Good will running out

I'm exhausted. I've been smiling constantly since Christmas Day, not worrying that Aunt Daisy had dropped a pint of milk all over the kitchen floor, letting family rows wash over my head and trying not to murder my mother in law. No judge in the land would find me guilty of murder, I've been severely provoked for nigh on a week now. I've taken to sitting on my hands (when I'm not nervously nibbling my nails) and turning my head away from her every time she walks in the room.

It went as well as could be expected, the Big Day I mean. Mackenzie had gone from being a whirling dervish of excitement on Christmas Eve to a cool, calm, controlled child who opened each present carefully (after noting who had "been helping Santa out"), studying it intently and saying thank you before moving on to the next.

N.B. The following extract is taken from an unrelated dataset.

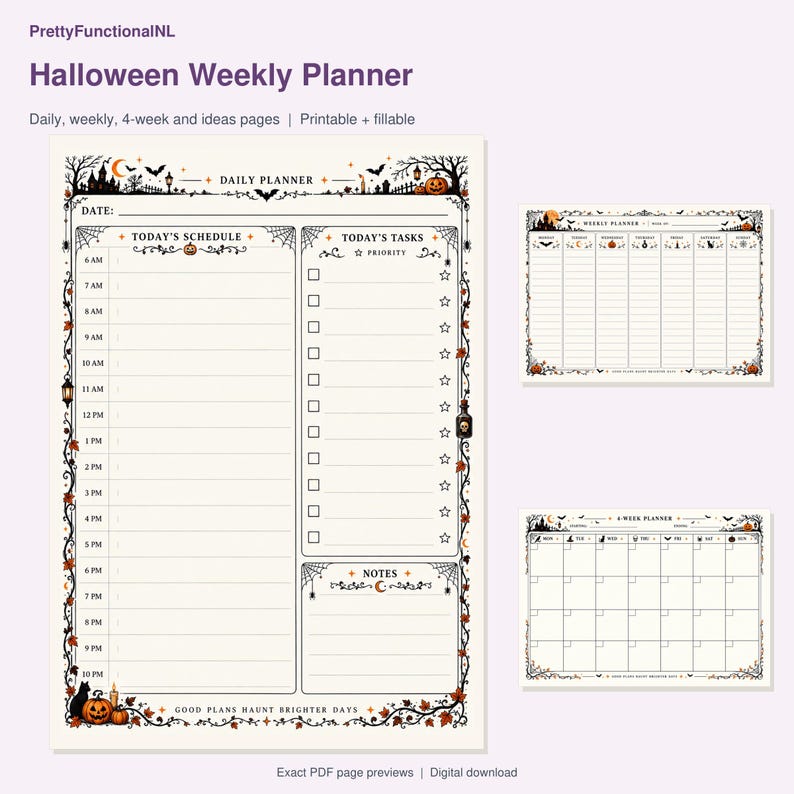 Halloween Weekly Planner. Exact pages from the buyer PDF, with enlarged readable previews. Digital download by PrettyFunctionalNL.
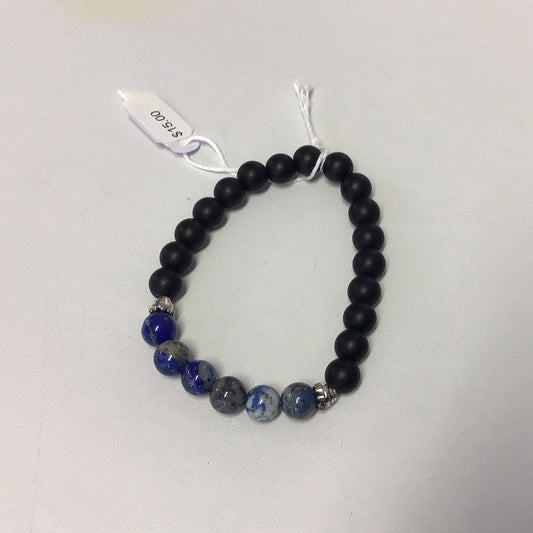 Lapis & Black Obsidian Bracelet 8mm 3rd Eye Chakra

It took a while, especially when people kept arriving with presents. I sound so ungrateful but I'm not - the boy did extremely well and was happy to parcel up some of his old toys to take to the St Christopher's Shop in East Dulwich on Friday. The dogs, on the other hand, had to be barricaded into our bedroom because they insisted on ripping off the wrapping of each present, often without warning. Darren, carrying a neatly wrapped DVD across the room to David, had it ripped from his hands by Junior Dog and opened in three seconds flat.

Lunch was a triumph. We toasted absent friends which choked me up, especially when I caught Dad's eye. However, the crashing from the kitchen as four baking trays and the bowls for the Christmas pud slid off the draining board reminded me that Mum was in fact with us. I could almost hear her say "How many times have I told you not to balance your draining dishes?"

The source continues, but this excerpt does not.